Yesterday, experts suggested each day on the ground made it less likely the airline would continue operating.
''Singapore Airlines [which owns a significant stake in Tiger] probably can afford to have them on the ground for a little while,'' the vice president of the Australian and International Pilots Association, Richard Woodward, said.
''But no carrier can stand losses of $1 million a day for an extended period of time, as well as the cost of leasing airplanes and parking fees. After a few weeks, it would be unlikely they would re-emerge.''
As school holidays begin, Tiger is facing a bill approaching an estimated $1 million a day in refunding air fares.
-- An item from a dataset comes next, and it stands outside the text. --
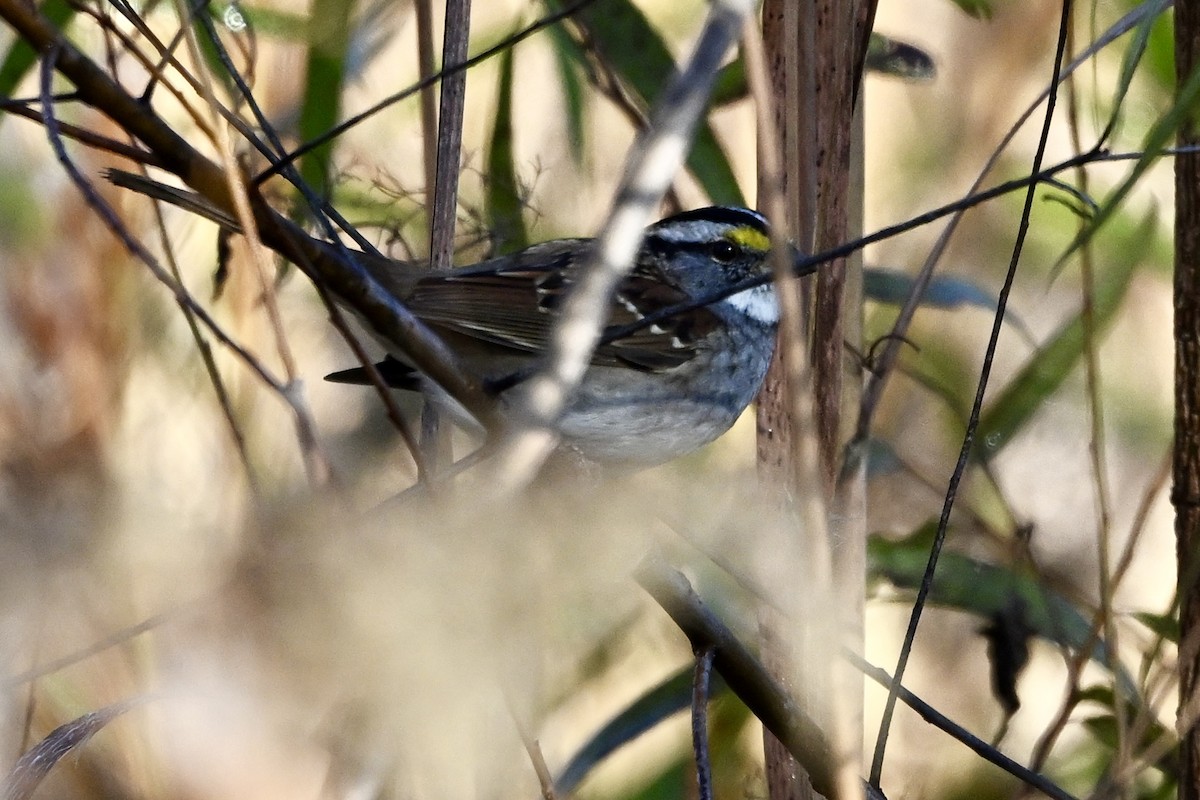 strnadec bělohrdlý - ML645213537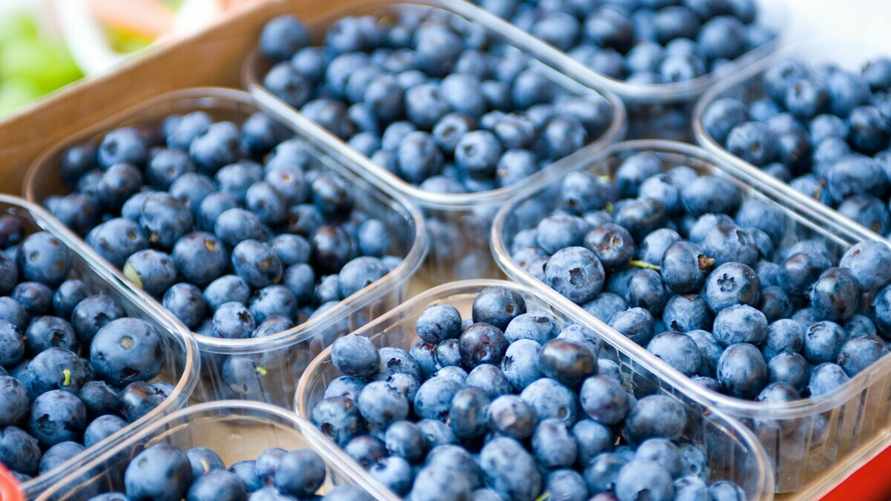 В 3 раза дешевле. Нашли, где в Беларуси продают голубику за 20 рублей вместо 60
Virgin Australia has been inundated with requests from thousands of stranded Tiger holidaymakers, who have rushed to buy available seats. It has uplifted about 2000 passengers who held Tiger bookings.
Qantas and Jetstar have each uplifted about 1000 Tiger passengers and Qantas engineers have cancelled industrial action to limit disruption.
As the unprecedented airline safety crisis continues, Mr Davis is expected to be accompanied by senior Singapore Airlines executives to CASA's talks. The airline holds a 32.9 per cent financial stake in Tiger.
Teams of CASA's safety auditors continue to comb Tiger Airways Australia's records covering pilot proficiency, fatigue management, aircraft maintenance control, supervision and airworthiness systems.
''We've got teams of people working away at these issues, that will continue for some days,'' CASA's spokesman, Peter Gibson, said.
Yesterday the no-frills airline said it ''continues to cooperate fully with the industry regulator''.
CASA will make a decision this week on whether it will go to the Federal Court to seek an extension of the airline's grounding beyond 6am on Saturday, July 9, in light of what the audit teams uncover.